I have a table with 69 columns and 58,000 rows. I would like to calculate the median of each row but I can’t find a way to do this without first using transpose to get my columns into rows that I can use GroupBy to calculate medians of. Is there any other option - preferably one that won’t require me to transpose first (only to then re-transpose after)?
Hello @lparsons42 -
You could use the median() function in the Math Formula node. Does that work for your case?
I’m not clear on the syntax for the median() function in Math Formula; how do it set it to calculate the median of a row?
In my case, all the columns who I want to be figured into the calculation for median have “intensity” in their name. I tried
median(“intensity”)
and it returned a syntax error. (i had asterisks on either side of intensity, inboard of the quotation)

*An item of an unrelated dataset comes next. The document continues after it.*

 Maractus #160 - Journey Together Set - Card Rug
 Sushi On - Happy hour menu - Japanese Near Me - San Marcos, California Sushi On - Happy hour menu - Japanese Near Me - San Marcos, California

You’ll have to enter the name of each column explicitly, as I don’t believe wildcards are supported. Here’s an example for calculating the median of four columns:
It will be quite a large expression in your case, but should work. It might be easier to cobble it together in a text editor like Notepad++ and paste it in.
Is there any way that I could set this up for a future case where I won’t necessarily know the number of columns beforehand? I tried to get it into a flow variable list, but that doesn’t seem to work as it still wants (at least) three comma-separated values even if one is a list of values. I tried then following the list with “NaN” (twice) and that ran but returned all invalid medians.
If you’d like to post your workflow that uses a flow variable list, I can take a look.
Thank you for your help! I eventually realized this was easier (for me) to do with an R snippet.
I think Column Aggregator could be useful as well.